Copy this entry to include/vki/vki-scnums-$(VG_PLATFORM).h.
If you can't find the system call in /usr/include, try looking in the
strace source code (https://github.com/strace/strace). Some syscalls/ioctls
are not defined explicitly, but strace may have already figured it out.
2. Do 'man 2 mysyscallname' to get some idea of what the syscall
does. Note that the actual kernel interface can differ from this,
so you might also want to check a version of the Linux kernel
source.
NOTE: any syscall which has something to do with signals or
threads is probably "special", and needs more careful handling.
Post something to valgrind-developers if you aren't sure.
3. Add a case to the already-huge collection of wrappers in
the coregrind/m_syswrap/syswrap-*.c files.
For each in-memory parameter which is read or written by
the syscall, do one of
PRE_MEM_READ( ... )
PRE_MEM_RASCIIZ( ... )
PRE_MEM_WRITE( ... )
for that parameter. Then do the syscall. Then, if the syscall
succeeds, issue suitable POST_MEM_WRITE( ... ) calls.
(There's no need for POST_MEM_READ calls.)
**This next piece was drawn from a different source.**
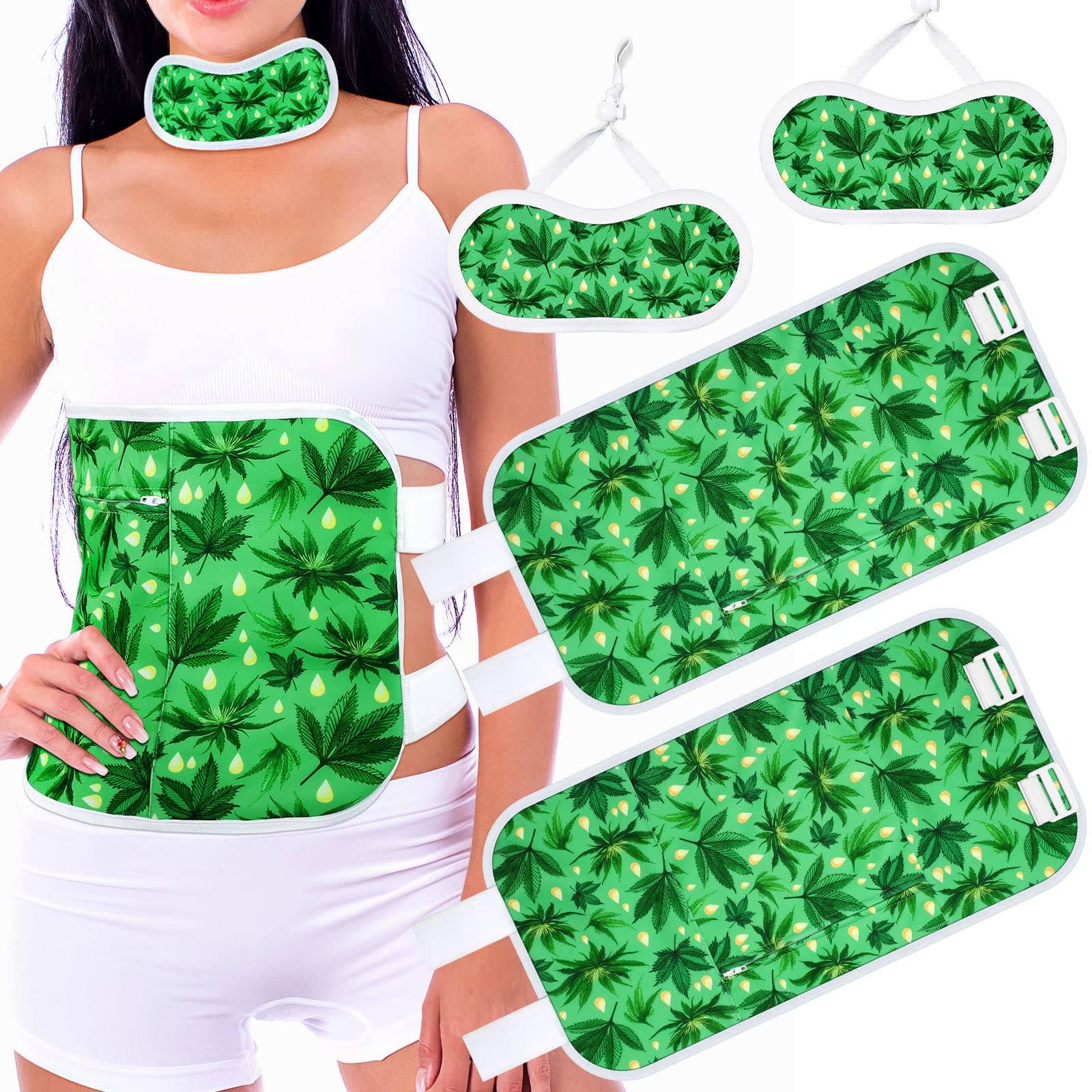 Weewooday 4 Pcs Castor Oil Pack Wrap Reusable Organic Castor Oil Packs with Adjustable Elastic Strap Neck Waist Compress Wrap Kits, Oil Not Included (Bright Style, 3.54 x 7.48 Inch, 17.72 x 9.84 Inch)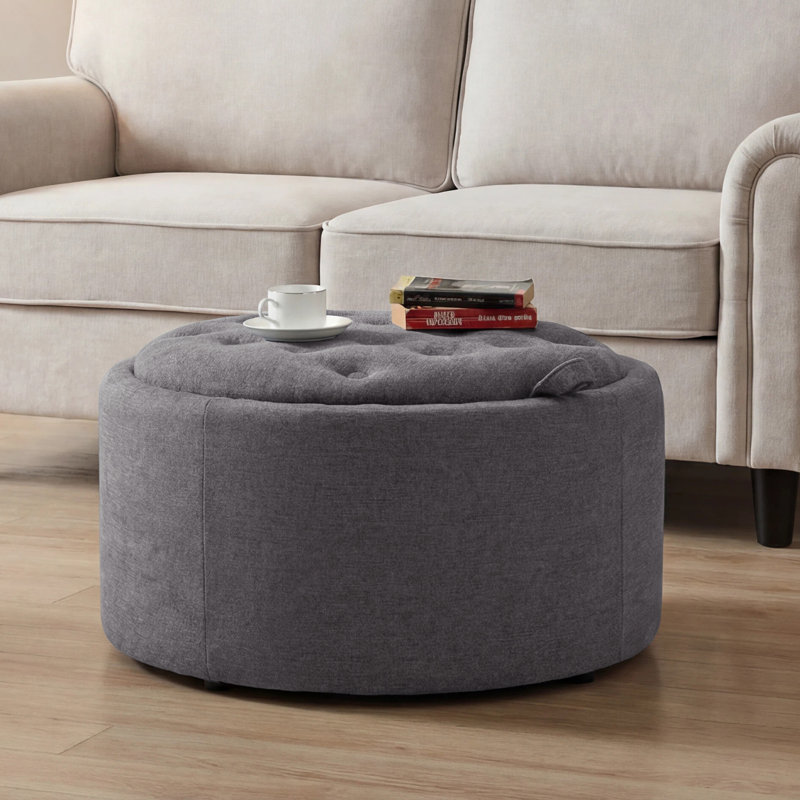 Repose-pieds capitonné rond 27,2 po avec rangement, Chenille - gris foncé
Also, add it to the syscall_table[] array; use one of GENX_, GENXY
LINX_, LINXY, PLAX_, PLAXY.
GEN* for generic syscalls (in syswrap-generic.c), LIN* for linux
specific ones (in syswrap-linux.c) and PLA* for the platform
dependent ones (in syswrap-$(PLATFORM)-linux.c).
The *XY variant if it requires a PRE() and POST() function, and
the *X_ variant if it only requires a PRE()
function.
If you find this difficult, read the wrappers for other syscalls
for ideas. A good tip is to look for the wrapper for a syscall
which has a similar behaviour to yours, and use it as a
starting point.
If you need structure definitions and/or constants for your syscall,
copy them from the kernel headers into include/vki.h and co., with
the appropriate vki_*/VKI_* name mangling. Don't #include any
kernel headers. And certainly don't #include any glibc headers.
Test it.
Note that a common error is to call POST_MEM_WRITE( ... )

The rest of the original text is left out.